Russian leaders have historically placed their own ambitions above the rights of ordinary Russians, but it isn’t impossible that a post-Putin Russia could look different.

Published on May 12, 2022

President Vladimir Putin’s war on Ukraine epitomizes one of the most enduring features of Russian governance, the one that most sets it apart from liberal democracy: the disregard, if not contempt, that Russia’s rulers display toward their own people. The ruler’s needs, no matter how selfish or capricious, almost always trump any other considerations, including the rights of ordinary individuals. Prior to Russia’s invasion, for instance, the Kremlin’s chain of command appears not to have told Russian soldiers that they were about to enter Ukraine to fight a real war. Afterward, the same chain of command neglected to claim those soldiers’ bodies because acknowledging their deaths might embarrass the Kremlin.

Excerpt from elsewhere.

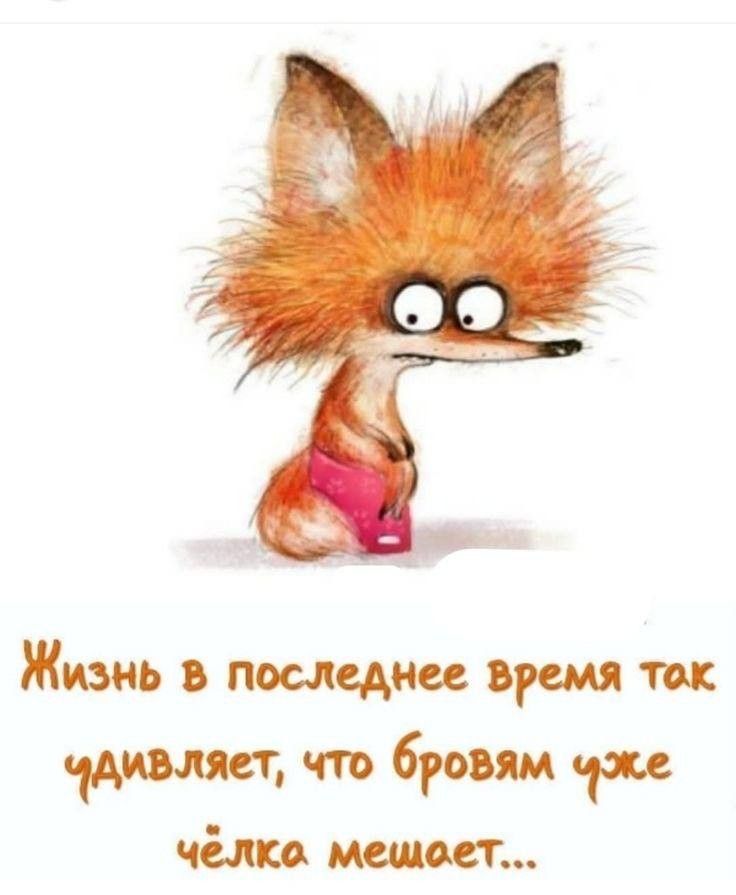 https://upforme.ru/uploads/001a/00/cb/43/790257.jpg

Throughout Russian and Soviet history, rulers have regarded the people they govern as expendable, nowhere more so than on the battlefield. U.S. General Dwight D. Eisenhower was incredulous when Soviet Marshal Georgy Zhukov told him that the Soviet army’s method for clearing minefields in World War II was to send infantry across them as if there were no mines. The phrase often attributed to Zhukov—“Women will give birth to more”—is used in Russia today to sum up the leadership’s attitude toward people as replaceable cannon fodder.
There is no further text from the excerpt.